Basta ascoltare“West Rider Silver Bullet”, dove il pulp di Tarantino si unisce agli spaghetti-western di Leone, qui la voce di Tom Meighan viene echeggiata dall’attrice Rosario Dawson famosa, guarda caso,per “Sin City” di Rodriguez, in una lenta marcia dalle ombre psichedeliche anni sessanta, che sfocia in un finale trionfale.
”Vlad The Impaler” parla di Vlad III e del suo metodo di tortura impalement, che prevedeva l’uccisione della persona infilzandola con un grosso palo; una trama splatter perfetta per uno dei due dei nostri registi più giovani.

Dopo ”Secret Alphabets”, una dei migliori pezzi, il finale è lasciato a “Fire” e “Happiness”, dove la prima richiama gli Stones in duetto con i Primal Scream, soprattutto per quel riguarda il ritornello, mentre la seconda è una lenta cavalcata verso il tramonto, accompagnata da un coro gospel.

Tracce come “Swarfiga” e “Where Did All The Love Go?”, rappresentano, invece, la continuità con i lavori precedenti, dove il rock più sporco e ruvido si fonde con le atmosfere rarefatte dell’elettronica.

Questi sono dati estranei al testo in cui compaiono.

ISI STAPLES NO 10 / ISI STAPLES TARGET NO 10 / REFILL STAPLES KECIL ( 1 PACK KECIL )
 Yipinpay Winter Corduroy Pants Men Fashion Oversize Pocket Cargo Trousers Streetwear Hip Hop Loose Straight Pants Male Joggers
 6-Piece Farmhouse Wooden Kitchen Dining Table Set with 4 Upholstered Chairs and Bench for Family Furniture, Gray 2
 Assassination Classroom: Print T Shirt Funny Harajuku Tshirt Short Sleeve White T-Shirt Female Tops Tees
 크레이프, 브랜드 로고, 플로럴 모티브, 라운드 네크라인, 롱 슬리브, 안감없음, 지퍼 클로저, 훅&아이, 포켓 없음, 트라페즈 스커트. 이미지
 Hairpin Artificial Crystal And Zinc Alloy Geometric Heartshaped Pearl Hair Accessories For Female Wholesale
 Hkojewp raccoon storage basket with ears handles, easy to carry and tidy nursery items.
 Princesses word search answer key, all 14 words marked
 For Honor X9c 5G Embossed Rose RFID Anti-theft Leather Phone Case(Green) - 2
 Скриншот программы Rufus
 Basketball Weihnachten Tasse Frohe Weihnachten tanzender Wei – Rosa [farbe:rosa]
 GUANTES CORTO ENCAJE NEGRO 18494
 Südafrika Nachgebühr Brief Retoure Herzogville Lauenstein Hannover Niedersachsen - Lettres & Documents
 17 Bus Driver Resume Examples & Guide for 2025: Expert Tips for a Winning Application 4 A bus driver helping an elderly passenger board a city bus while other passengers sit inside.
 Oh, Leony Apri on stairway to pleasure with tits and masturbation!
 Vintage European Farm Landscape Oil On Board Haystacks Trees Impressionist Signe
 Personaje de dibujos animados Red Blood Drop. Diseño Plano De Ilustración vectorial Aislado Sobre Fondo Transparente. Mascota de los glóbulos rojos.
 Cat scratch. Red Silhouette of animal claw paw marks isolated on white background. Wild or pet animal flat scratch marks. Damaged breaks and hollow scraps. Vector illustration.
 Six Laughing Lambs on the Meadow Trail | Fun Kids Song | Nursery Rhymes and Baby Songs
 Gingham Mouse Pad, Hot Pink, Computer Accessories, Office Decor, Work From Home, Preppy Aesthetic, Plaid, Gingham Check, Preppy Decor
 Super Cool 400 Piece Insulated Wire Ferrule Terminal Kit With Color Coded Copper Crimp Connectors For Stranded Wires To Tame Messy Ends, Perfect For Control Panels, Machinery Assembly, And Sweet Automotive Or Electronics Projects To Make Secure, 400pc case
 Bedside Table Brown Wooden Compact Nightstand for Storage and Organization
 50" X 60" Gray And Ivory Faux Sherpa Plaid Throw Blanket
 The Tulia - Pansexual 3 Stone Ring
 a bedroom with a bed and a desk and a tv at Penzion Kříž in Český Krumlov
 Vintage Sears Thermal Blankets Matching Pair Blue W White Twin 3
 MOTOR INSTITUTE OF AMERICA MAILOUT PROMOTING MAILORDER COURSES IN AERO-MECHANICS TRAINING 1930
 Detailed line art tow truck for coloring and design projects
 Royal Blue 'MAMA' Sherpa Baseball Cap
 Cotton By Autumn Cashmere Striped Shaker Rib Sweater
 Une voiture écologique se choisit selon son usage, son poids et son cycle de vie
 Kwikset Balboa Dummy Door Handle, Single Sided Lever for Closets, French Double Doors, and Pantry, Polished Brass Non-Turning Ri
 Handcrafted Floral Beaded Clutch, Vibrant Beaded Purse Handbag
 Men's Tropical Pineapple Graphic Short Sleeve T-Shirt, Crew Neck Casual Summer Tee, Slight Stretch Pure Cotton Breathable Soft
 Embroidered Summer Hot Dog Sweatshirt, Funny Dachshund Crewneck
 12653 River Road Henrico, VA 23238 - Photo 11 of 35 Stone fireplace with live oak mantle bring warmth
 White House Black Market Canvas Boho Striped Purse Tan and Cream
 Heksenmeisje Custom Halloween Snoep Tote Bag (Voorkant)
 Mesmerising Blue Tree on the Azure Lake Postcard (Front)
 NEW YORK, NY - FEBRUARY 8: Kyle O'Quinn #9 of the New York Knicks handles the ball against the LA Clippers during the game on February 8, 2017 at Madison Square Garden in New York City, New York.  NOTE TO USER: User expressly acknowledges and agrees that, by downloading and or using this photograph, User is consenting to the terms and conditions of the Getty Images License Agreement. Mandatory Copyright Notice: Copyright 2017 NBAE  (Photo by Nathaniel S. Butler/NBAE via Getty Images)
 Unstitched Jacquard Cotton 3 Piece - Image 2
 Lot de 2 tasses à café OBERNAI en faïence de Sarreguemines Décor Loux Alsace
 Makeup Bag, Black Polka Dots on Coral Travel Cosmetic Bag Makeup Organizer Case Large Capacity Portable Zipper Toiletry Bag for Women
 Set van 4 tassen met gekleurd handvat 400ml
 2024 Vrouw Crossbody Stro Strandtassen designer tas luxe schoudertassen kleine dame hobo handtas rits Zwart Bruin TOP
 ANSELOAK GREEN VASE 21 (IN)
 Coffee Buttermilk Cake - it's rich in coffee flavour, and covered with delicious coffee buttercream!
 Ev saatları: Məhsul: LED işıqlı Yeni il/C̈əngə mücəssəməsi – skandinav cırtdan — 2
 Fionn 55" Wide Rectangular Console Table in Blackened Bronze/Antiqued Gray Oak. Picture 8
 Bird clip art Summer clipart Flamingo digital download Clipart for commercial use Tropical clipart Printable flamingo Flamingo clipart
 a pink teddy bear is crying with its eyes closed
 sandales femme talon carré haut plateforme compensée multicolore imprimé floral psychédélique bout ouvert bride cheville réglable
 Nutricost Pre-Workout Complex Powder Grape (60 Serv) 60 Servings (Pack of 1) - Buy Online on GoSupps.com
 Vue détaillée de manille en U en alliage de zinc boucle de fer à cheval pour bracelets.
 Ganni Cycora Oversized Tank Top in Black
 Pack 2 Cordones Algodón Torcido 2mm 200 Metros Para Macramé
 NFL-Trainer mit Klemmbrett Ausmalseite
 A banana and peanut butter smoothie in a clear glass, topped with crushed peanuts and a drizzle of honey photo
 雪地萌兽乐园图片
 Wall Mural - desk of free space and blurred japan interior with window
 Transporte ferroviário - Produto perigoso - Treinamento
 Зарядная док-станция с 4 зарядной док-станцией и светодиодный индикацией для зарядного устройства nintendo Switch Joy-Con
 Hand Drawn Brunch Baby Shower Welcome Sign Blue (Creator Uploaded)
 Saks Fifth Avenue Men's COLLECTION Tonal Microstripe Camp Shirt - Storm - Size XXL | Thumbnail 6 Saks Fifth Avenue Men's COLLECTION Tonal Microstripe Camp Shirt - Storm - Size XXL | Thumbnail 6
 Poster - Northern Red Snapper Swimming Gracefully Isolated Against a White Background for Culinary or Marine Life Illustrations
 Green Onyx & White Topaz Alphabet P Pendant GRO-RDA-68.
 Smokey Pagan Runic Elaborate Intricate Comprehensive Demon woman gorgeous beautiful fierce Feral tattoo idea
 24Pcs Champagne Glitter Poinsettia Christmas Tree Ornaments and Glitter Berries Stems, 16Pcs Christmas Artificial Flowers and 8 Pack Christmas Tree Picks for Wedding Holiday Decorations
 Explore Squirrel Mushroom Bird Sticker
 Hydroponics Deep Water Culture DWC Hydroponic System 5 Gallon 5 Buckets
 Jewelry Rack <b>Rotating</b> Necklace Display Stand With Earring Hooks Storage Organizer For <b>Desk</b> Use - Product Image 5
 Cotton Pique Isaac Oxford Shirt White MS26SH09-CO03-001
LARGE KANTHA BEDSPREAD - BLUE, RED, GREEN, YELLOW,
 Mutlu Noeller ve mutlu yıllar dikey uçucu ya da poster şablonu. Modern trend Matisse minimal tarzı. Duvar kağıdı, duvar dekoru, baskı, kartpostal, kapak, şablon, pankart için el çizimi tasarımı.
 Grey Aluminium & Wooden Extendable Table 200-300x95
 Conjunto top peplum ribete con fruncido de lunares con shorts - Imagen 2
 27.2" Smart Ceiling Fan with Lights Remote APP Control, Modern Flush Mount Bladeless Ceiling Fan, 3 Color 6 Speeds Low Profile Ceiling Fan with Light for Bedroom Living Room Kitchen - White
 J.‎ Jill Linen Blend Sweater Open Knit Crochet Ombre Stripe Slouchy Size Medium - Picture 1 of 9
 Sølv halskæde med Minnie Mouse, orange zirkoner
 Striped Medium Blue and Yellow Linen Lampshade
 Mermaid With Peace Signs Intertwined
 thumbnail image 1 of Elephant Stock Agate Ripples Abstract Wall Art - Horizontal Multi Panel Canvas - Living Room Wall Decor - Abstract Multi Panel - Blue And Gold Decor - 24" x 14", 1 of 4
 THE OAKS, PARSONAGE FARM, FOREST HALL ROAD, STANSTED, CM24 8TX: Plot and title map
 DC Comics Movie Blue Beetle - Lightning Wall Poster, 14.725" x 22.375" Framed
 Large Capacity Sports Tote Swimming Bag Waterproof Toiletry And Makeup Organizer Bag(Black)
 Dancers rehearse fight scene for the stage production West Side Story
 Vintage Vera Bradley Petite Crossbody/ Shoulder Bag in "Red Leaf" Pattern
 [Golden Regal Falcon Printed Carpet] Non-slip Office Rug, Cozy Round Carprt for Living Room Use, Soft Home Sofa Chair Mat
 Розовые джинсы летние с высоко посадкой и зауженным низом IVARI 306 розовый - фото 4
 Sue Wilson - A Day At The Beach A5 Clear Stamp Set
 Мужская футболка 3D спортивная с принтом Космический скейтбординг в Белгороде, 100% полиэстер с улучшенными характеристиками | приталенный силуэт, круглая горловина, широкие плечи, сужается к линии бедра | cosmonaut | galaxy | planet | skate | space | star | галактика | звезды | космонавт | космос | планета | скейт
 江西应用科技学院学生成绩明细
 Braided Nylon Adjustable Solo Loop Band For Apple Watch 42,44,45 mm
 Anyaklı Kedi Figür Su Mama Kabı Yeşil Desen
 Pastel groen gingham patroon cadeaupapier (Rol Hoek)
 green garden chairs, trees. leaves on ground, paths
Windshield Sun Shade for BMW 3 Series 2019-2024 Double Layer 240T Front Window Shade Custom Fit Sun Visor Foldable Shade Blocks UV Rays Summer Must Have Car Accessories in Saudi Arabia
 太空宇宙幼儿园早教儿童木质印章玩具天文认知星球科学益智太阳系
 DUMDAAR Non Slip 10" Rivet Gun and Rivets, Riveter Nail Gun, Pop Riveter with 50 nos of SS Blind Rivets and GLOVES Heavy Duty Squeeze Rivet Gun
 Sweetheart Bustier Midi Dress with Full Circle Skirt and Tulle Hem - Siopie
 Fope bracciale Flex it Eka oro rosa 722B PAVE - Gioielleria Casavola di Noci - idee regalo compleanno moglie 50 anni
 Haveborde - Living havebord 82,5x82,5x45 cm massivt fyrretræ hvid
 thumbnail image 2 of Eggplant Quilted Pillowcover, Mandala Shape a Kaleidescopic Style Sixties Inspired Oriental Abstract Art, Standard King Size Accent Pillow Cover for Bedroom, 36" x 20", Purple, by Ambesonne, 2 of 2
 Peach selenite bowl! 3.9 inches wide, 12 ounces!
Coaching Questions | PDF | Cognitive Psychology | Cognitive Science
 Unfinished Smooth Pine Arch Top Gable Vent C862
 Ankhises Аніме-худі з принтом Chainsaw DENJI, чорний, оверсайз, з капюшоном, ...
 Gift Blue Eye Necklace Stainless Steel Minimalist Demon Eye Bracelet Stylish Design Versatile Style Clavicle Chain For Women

Questo terzo capitolo della storia, sicuramente lunga e profiqua, dei Kasabian, sarà un piacevole ascolto sia per i nostalgici degli anni novanta a cavallo tra periodo Madchester (Smiths, Joy Division, Stone Roses) e trionfo del britpop (Oasis,Blur), sia per quelli che amano una musica più moderna, la cosiddetta New Rave (Blok party, Klaxsons) per intenderci.

Oltre che per gli appassionati di quel cinema moderno dal gusto un po’ retrò.